Locsin backpedals, files protest vs new China Coast Guard law

The Philippines has filed a diplomatic protest against China over a newly passed law that allows its coast guard to fire on foreign vessels, Foreign Secretary Teodoro Locsin Jr said on Wednesday, January 27.

“After reflection, I filed a diplomatic protest,” Locsin tweeted on Wednesday. 

Locsin announced the development two days after initially saying China’s passage of the new law was “none of our business.” 

The foreign affairs chief said deeper reflection on the issue led him to the view that the law could be seen as a “verbal threat of war” to countries that defied it, considering it involved contested waters in the highly volatile South China Sea. 

“While enacting law is a sovereign prerogative, this one – given the area involved or for that matter the open South China Sea – is a verbal threat of war to any country that defies the law; which, if unchallenged, is submission to it,” Locsin said. 

What's in China's new coast guard law?

Earlier published draft versions of the bill showed China authorizing its coast guard to use "all necessary means" to stop or prevent threats from foreign vessels. It also allowed the boarding and inspection of foreign vessels in “waters claimed by China.” 

Passed last January 22, the law grants Chinese coast guard personnel the authority to demolish other countries’ structures built on reefs claimed by Beijing. 

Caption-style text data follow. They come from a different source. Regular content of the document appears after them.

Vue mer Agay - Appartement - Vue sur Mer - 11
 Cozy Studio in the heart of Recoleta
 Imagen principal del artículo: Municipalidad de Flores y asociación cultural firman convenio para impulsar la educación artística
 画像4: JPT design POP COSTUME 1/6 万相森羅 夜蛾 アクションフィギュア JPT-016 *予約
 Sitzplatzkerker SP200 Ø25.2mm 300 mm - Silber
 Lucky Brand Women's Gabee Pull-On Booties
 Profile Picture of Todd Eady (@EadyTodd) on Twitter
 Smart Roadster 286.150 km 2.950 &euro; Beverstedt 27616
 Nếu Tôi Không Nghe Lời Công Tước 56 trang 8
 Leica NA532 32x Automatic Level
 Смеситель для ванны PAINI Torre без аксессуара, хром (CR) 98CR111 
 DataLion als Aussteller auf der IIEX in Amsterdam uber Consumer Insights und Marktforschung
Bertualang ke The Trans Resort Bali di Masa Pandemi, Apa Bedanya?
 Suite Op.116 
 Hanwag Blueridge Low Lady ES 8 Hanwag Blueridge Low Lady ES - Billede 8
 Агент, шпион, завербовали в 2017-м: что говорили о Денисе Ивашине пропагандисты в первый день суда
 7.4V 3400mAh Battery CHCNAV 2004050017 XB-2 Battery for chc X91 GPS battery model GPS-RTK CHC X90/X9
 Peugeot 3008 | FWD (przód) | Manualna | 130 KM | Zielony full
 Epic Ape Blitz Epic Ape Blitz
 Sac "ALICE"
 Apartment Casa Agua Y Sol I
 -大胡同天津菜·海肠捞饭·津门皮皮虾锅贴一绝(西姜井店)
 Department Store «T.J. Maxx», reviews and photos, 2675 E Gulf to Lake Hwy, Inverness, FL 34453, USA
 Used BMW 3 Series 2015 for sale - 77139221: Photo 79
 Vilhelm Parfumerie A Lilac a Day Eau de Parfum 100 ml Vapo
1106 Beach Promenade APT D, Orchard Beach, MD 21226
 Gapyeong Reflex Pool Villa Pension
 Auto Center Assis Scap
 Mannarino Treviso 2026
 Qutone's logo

The controversial law was passed less than a week after Chinese Foreign Minister Wang Yi's two-day official visit to Manila, where he had bilateral discussions with Locsin and paid a courtesy call on President Rodrigo Duterte. At the time, Locsin said Wang's visit demonstrated “strong and manifold ties that bind the Philippines and China.”

Chinese foreign ministry spokeswoman Hua Chunying earlier addressed concerns on the law, arguing that it was in line with international practices. South China Sea analysts said while the law may be consistent with international norms, questions over how China will implement it was a main point of concern. 

China is known to deploy its coast guard in disputed waters as a way to assert its sweeping claims in the South China Sea, including the West Philippine Sea. 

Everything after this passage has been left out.